Version originale du texte intégral

1 Introduction

〚Pd(C3H5)Cl〛2 is often used as the palladium source in catalytic allylic substitution reactions, assuming that, in the presence of a bidentate ligand L2, the cationic active species Pd(C3H5)(L2)+ is readily formed with Cl as a simple non-coordinating anion 〚1〛. However, it has been reported that halide ions, and particularly Cl, can have an influence on the reactivity or the selectivity of Pd-catalysed 〚2–7〛 allylic substitution reactions. In some cases, it has been proposed that this influence is originated from the well-known increase of the isomerisation rate of the Pd η3-allyl intermediates through η3η1η3 interconversion 〚6–8〛. The working models of the key catalytic intermediate are mostly cationic palladium η3-allyl complexes with a non-coordinating anion, e.g. triflate. The study of these models has proven to be particularly useful in asymmetric allylic alkylation with chelating chiral ligands 〚1〛. If the anion is Cl, which is the case after the reaction of 〚Pd(η3-allyl)Cl〛2 with 4 equiv monodentate ligand or 2 equiv bidentate ligand, the complex generally remains η3-allyl: a cationic tetracoordinate complex with a non-coordinating chloride anion, both being present either as separate ions or as tight ion pairs, or a neutral pentacoordinate chloro complex 〚8–13〛. However, neutral tetracoordinate palladium η1-allyl chloro complexes have also been reported 〚14, 15〛.

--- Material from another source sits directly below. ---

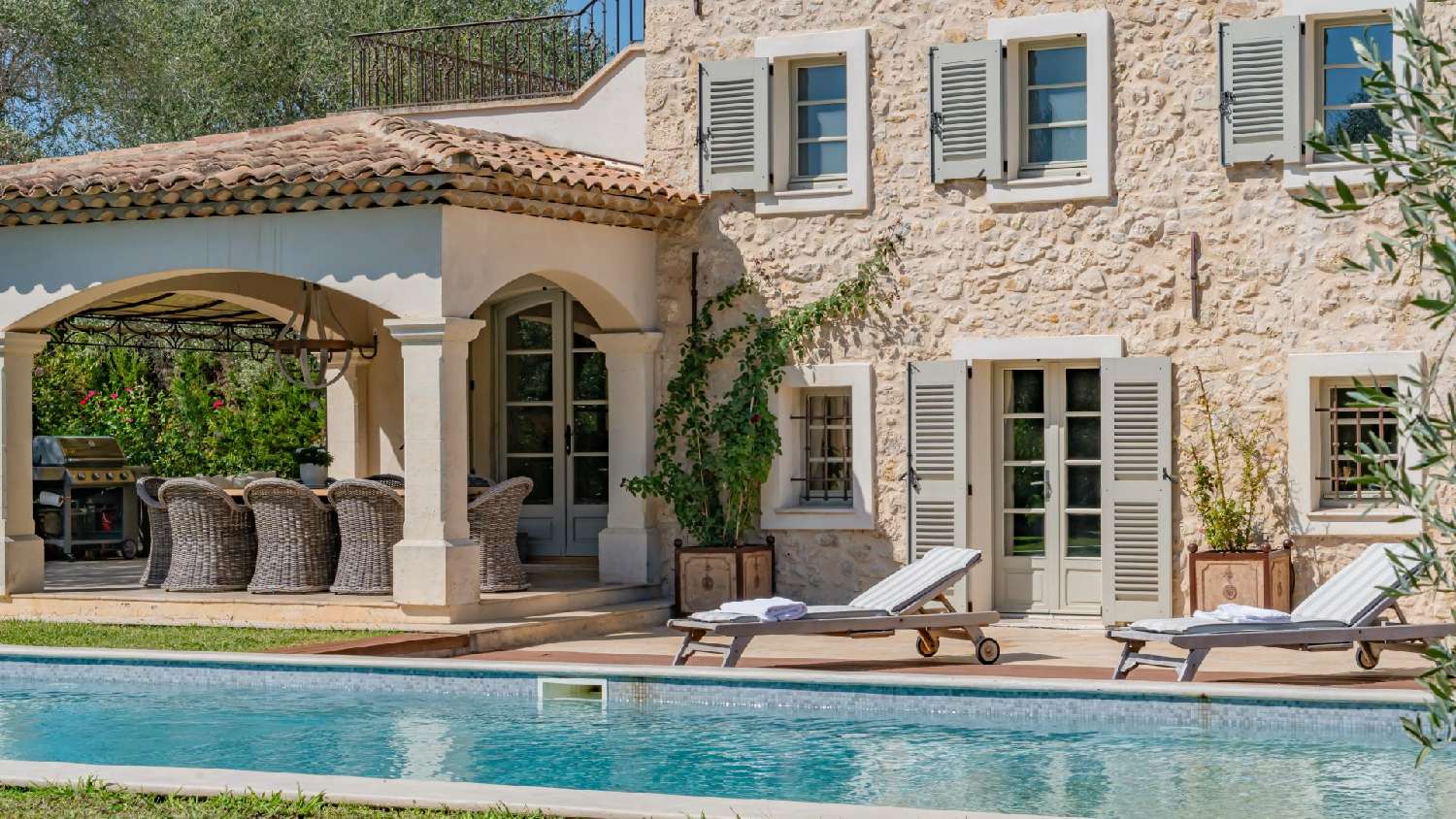  for sale villa Mouans-Sartoux Alpes-Maritimes 2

We have been interested recently in phospholane-derived ligands and their use in palladium-catalysed allylic alkylation 〚16, 17〛. We report hereafter our observations concerning the effect of chloride ions on the NMR characteristics and the chemical reactivity of some palladium(II) allyl complexes bearing the bis-phospholane ligands (R,R)-Me-Duxantphospholane or (R,R)-Me-Duphos, or the bis-phosphine ligand (S)-Binap.

2 Results and discussion

The palladium complexes we have studied by NMR spectroscopy are listed in Fig. 1. Adding a source of chloride ions (viz. 1 equiv tetraphenylphosphonium chloride) to a solution of 〚1〛SbF6 in deuterated chloroform induces a significant alteration of the allylic signals on the 1H NMR spectrum (Fig. 2). At room temperature, the central allylic proton (Hc) of 〚1〛SbF6 appears as a pseudo-triplet at 6.73 ppm, with an expected value of 13 Hz for 3JHH; the signals of the terminal allylic protons (Ht and Ht’) are degenerate at 5.20 ppm, with coupling constants with the phosphorus in trans position (3JHP) of ca 13 Hz (Fig. 2a). Upon addition of Cl, the signals of the terminal allylic protons are strongly shifted to higher frequency at 5.46 and 6.04 ppm, whereas the chemical shift of the Hc signal is almost unchanged. However, the multiplicity and the coupling constants are globally unchanged; incidentally the value of 3JHP with the phosphorus cis (3.4 Hz) can be determined for the signal at 6.04 ppm. This shows that the allyl ligand remains η3-coordinated and Me-Duphos η2-coordinated on the palladium centre. In addition, both phosphorus atoms of Me-Duphos lie in the equatorial plane, by contrast with the nitrogens of neocuproine in the palladium chloro allyl complex described by Åkermark, Vitagliano et al. 〚8〛.

Fig. 1

Studied allylic diphosphine palladium (II) complexes.

Fig. 2

Section of 1H NMR spectra (CDCl3, 298 K, 300 MHz) of (a) complex 〚1〛SbF6; (b) complex 〚1〛SbF6 + 1 equiv PPh4Cl; (c) complex 〚1〛Cl obtained from the reaction of 1 equiv 〚Pd(η3-Ph2C3H3)Cl〛2 with 2 equiv (R,R)-Me-Duphos.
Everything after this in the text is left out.